子どもが練習見学に「来ないで」と言う理由 保護者は子の鑑…成長に大切な“結束”

東海大菅生高中等部・村上晋監督【写真:高橋幸司】
東海大菅生高中等部・村上晋監督【写真:高橋幸司】

今夏の全中初出場…東海大菅生高・中等部は保護者見学ウエルカム

 東京都あきる野市の東海大菅生高校・中等部軟式野球クラブは、今夏、全日本中学校軟式野球大会(全中)に初出場を果たしベスト16に進出した強豪だ。これまで元日本ハム育成の海老原一佳外野手(現高岡向陵高コーチ)や、今月行われるドラフト注目の左腕、細野晴希投手(東洋大)らを輩出。現在、2年生・1年生計15人のチームを率いる村上晋監督は、野球を通じた人間形成を大切にしており、チームスポーツだからこそ、保護者も含めて一丸となることが大切だと語る。

「明日、練習を見に行くよ」「試合を見に行くよ」と親が話しかけた時、子どもはどのような反応を示すだろうか。「うん、いいよ」と素直に応じる子もいれば、「来るなよ」と突っぱねてくる子もいるだろう。「『来るな』と言っているうちはまだ、子どもにとってチーム内での居場所や位置づけができていないということ。
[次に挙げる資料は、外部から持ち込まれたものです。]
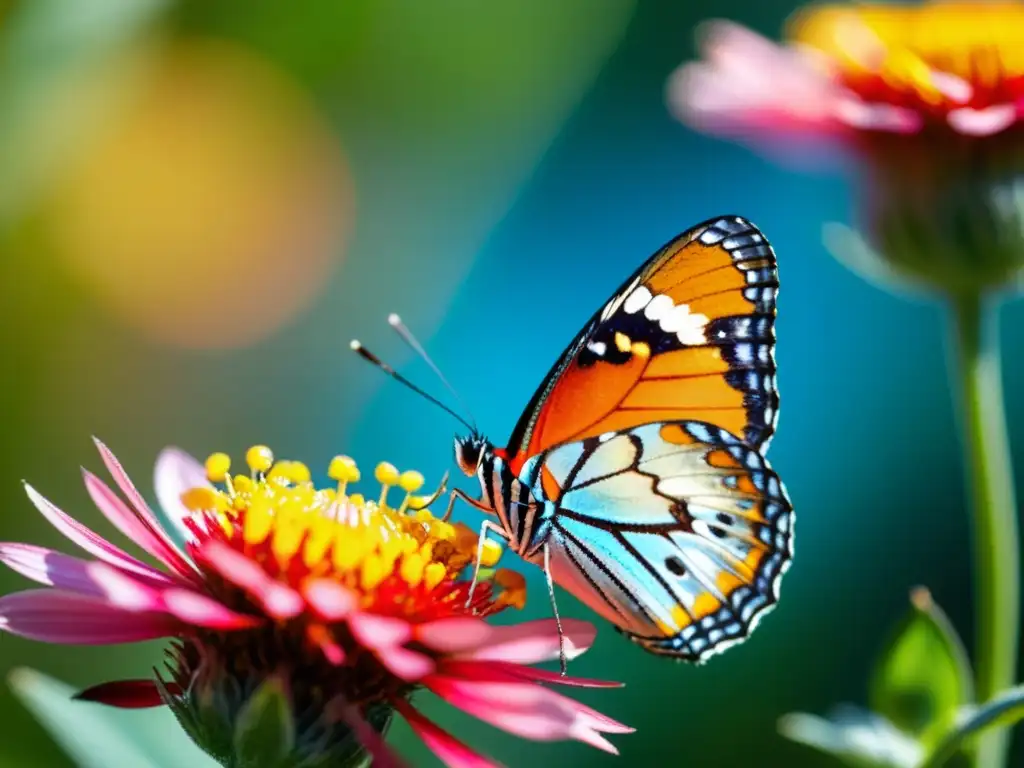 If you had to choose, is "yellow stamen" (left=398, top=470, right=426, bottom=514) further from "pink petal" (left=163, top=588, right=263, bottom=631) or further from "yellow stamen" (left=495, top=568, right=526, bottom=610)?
"pink petal" (left=163, top=588, right=263, bottom=631)

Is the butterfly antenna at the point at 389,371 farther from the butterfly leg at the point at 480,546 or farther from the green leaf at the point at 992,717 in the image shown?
the green leaf at the point at 992,717

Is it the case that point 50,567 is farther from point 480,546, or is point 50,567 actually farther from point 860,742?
point 860,742

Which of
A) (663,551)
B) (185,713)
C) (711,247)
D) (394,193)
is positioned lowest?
(185,713)

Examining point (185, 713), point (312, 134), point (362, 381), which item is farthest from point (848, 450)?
point (185, 713)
それが『来ていいよ』となると、自分で居場所を見つけ出し、素直に話ができているという証拠です」と村上監督は言う。

 保護者の練習や試合の見学は、いつでもウエルカムにしている。その代わり「自分の子だけでなく他の子も、チーム全体を見に来てください」と注文をつける。また、「絶対に自分の子どもにプレッシャーをかけないでください」とも初めに話すという。
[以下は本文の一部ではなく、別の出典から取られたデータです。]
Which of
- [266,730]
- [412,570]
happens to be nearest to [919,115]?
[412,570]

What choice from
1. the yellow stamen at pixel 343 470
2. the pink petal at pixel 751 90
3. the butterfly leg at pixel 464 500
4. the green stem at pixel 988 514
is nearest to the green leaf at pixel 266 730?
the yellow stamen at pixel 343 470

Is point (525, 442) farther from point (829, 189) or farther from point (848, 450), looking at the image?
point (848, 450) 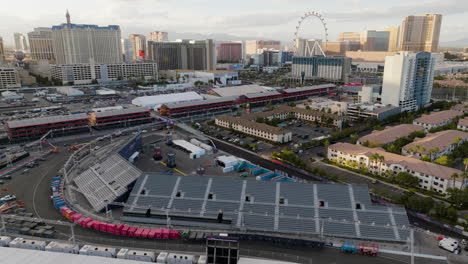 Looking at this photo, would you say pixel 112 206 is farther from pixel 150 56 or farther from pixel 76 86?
pixel 150 56

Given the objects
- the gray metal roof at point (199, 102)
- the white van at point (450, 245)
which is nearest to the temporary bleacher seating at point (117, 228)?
the white van at point (450, 245)

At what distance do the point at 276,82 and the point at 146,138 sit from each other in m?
104

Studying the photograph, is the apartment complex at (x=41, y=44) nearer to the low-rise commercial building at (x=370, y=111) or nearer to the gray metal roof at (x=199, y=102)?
the gray metal roof at (x=199, y=102)

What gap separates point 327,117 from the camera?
242 ft

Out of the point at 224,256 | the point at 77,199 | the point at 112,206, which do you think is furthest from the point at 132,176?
the point at 224,256

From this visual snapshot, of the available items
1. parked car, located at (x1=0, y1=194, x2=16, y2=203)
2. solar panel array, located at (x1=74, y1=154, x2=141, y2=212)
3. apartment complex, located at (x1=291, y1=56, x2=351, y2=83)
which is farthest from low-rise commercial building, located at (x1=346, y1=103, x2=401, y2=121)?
parked car, located at (x1=0, y1=194, x2=16, y2=203)

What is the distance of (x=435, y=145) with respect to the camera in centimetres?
5241

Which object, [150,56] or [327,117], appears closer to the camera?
[327,117]

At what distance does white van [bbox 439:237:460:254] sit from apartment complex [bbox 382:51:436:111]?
63647mm

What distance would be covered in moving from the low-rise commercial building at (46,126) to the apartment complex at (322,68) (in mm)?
114553

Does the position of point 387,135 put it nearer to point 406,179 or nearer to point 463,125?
point 406,179

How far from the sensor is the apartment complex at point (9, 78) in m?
127

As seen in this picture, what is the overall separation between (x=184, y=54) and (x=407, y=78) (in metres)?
134

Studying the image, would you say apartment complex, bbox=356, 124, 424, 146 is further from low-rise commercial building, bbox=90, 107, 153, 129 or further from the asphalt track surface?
low-rise commercial building, bbox=90, 107, 153, 129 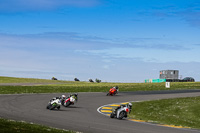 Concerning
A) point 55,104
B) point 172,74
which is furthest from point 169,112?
point 172,74

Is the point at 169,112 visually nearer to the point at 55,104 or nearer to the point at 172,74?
the point at 55,104

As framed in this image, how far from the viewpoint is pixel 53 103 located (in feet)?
85.6

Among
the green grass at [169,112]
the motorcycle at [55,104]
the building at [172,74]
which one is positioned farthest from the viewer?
the building at [172,74]

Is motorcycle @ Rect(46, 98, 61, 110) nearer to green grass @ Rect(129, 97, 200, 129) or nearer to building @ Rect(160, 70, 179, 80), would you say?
green grass @ Rect(129, 97, 200, 129)

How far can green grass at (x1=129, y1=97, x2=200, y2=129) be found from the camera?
965 inches

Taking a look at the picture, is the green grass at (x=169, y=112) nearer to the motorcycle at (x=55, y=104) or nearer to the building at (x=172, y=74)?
the motorcycle at (x=55, y=104)

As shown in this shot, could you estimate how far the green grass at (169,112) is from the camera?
2452 centimetres

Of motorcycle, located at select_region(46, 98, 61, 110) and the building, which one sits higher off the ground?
the building

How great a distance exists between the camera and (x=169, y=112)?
96.6ft

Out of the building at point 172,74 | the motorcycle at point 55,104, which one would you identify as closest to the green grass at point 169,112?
the motorcycle at point 55,104

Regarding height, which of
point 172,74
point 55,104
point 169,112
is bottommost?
point 169,112

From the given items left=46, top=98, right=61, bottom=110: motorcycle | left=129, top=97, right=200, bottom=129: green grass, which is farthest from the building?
left=46, top=98, right=61, bottom=110: motorcycle

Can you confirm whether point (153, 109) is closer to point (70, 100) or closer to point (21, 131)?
point (70, 100)

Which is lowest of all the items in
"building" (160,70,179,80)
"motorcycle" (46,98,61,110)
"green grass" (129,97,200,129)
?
"green grass" (129,97,200,129)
「『なんで他の子が試合に出ているんだ』と言っても、それは本人が一番わかっていること。プレッシャーをかければ子どもには悪影響があるし、それこそ『来るなよ』となります。『別にあなたを見に行くわけじゃない。菅生のチームを見に行くんだよ』と、親が素直に言えるのがいいんです」

「投手の親と捕手の親は、一緒になって子どもたちを見てほしい」

 それは、見学時の保護者たちの姿と、チーム状況とが重なる部分があると感じるからだ。「保護者同士がかたまって見ていて、自分の子に限らず、いいプレーにはみんなで拍手を送る。そういう時のチームは強いと感じます」。
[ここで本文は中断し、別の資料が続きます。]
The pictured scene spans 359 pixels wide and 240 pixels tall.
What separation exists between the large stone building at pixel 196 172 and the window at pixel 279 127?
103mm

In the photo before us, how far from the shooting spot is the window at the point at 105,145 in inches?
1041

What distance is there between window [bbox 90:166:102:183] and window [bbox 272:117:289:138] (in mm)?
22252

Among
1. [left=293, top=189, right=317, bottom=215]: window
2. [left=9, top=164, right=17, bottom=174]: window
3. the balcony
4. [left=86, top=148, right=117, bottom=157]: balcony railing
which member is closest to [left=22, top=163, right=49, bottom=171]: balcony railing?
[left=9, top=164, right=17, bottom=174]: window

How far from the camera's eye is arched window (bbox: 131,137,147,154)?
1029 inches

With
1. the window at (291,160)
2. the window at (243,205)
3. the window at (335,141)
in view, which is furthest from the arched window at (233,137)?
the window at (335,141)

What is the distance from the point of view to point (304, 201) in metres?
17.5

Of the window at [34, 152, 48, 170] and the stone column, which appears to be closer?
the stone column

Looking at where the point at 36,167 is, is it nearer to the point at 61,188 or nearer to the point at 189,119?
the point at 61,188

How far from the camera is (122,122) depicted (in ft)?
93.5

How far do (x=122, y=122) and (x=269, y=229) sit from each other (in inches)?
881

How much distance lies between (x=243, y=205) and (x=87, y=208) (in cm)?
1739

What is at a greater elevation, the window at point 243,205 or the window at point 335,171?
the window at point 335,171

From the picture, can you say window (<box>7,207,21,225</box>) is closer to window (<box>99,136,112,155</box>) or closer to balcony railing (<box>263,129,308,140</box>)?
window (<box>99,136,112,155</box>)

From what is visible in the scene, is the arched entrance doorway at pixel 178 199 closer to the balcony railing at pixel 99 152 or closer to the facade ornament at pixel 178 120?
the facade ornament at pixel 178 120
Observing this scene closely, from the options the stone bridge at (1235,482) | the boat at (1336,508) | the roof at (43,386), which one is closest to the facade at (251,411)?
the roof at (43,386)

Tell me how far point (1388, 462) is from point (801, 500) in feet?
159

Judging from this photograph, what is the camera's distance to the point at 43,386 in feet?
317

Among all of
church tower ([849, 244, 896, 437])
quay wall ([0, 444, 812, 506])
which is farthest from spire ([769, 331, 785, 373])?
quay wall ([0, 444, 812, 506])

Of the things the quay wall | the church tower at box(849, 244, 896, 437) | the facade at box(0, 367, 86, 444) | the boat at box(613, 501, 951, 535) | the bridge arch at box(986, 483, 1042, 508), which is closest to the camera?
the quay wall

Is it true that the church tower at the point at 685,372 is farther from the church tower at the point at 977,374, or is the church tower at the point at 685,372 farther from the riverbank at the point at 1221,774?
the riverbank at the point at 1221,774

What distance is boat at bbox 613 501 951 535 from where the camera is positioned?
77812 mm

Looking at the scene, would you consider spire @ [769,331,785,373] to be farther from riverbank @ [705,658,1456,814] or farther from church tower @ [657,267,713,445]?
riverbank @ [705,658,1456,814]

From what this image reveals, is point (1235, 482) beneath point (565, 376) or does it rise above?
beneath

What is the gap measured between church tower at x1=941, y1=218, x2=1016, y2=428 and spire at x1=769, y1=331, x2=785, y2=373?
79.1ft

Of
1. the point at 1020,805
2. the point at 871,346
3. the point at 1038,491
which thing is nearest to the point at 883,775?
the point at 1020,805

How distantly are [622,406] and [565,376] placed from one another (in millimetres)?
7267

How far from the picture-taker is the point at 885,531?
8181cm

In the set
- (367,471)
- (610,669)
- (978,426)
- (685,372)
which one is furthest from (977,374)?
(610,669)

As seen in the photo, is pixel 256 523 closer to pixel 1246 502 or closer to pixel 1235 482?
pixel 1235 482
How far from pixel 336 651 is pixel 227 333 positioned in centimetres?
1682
 村上監督は高等部の野球部部長として1996年夏、1997年春、2000年夏と3度の甲子園出場を経験しているが、親同士の結束と支えで聖地に行くことができた代もあったと感じている。野球はチームスポーツ。保護者も含めての“ワンチーム”であってこそ、好結果に結びつくということだろう。

「投手の親と捕手の親は、一緒になって子どもたちを見てほしいし、ショートとファーストの親同士もそう。保護者の関係性は子どもたちの関係性にもつながります」

 普段の学校生活で問題があれば、家に連絡し「練習に参加させません」とはっきりと伝えることもあるという。そうした積み重ねで、選手の生活態度も変わり、野球の技術も良い方向に変わっていく。先生と生徒・保護者の関係も難しい時代ととかく言われがちだが、「野球の本質と同じで、根本的な柱となる部分は変わることはないと思います」。監督である前に教育者として、中学生たちの成長を見つめている。